GANGSTERS AND GOLD DIGGERS

Old New York, the Jazz Age, and the Birth of Broadway

by Jerome Charyn

Pub Date: Dec. 1st, 2003
ISBN: 1-56858-278-1

A skillful novelist fashions an ordinary paean to the Broadway That Was, followed by an unsurprising rebuke of what we’re left with.

New Yorker Charyn (Bronx Boy, 2002, etc.) declares that 9/11 occasioned this Gotham scrapbook. He wished, he says, to honor all of Manhattan by celebrating one particular place, a certain street, a certain time. The author begins with Damon Runyon (whose Broadway stories he greatly admires) and moves more or less chronologically by creating patchy portraits of those who form the popular pantheon of characters who once ruled the street or flashed across the horizon of celebrity or acted or sang or danced or joked in vaudeville. His sketches of Arnold Rothstein, Flo Ziegfeld, Al Jolson, Irving Berlin, Fanny Brice, Jack Johnson, Scott and Zelda Fitzgerald, and George Gershwin will enlighten no one who reads widely or watches A&E’s Biography.
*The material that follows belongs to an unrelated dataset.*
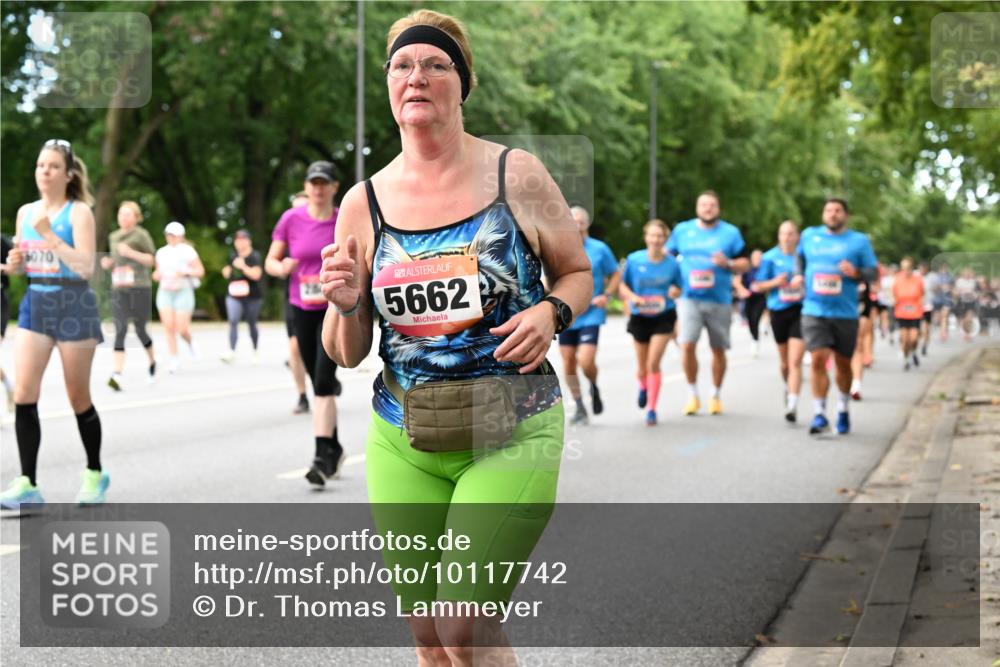 06.09.2026 - CURREX Alsterlauf Dr. Thomas Lammeyer http://msf.ph/oto/10117742 06.09.2026 09:15:57 Laufen 070, 5662 meine-sportfotos.de
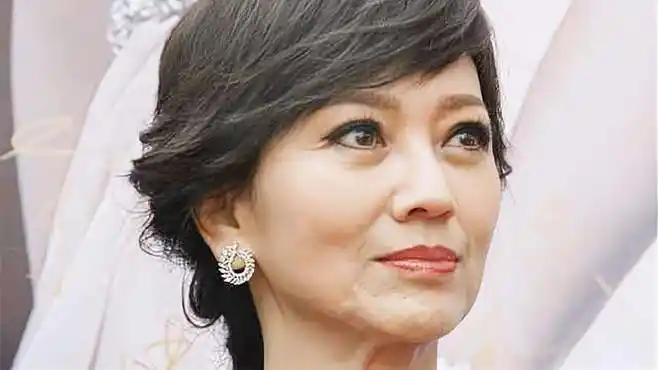 别再吹什么"冻龄"了,看到赵雅芝的素颜后,都是唬人的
Okay, readers may not know that “rosebud,” the last word to escape the lips of Charles Foster Kane, was the private name that William Randolph Hearst gave to the private parts of Marion Davies. Similar shocked delight may accompany the discovery that Jolson called exceptionally sexually adept women “chandeliers” (because they would do it even while hanging from a chandelier). Charyn does give overdue credit to the black performers of the era (e.g., Bert Williams, Florence Mills), all of whom endured crushing indignities, not the least of which was watching lesser (white) talents apply blackface and win popular acclaim. And he retains, even in the most unremarkable passages, the ability to craft a remarkable line (Broadway was “that nighttime capital of chaos”), although he is also quite capable of writing a sentence so ordinary that it seems to have come from the pen of an evil twin (“Both Scott and Zelda Fitzgerald were the center of everything, with an aura all their own”). There simply aren’t enough new insights or revelations to justify this parade of well-known stories and personalities.

Entertaining, affectionate—but not a hit.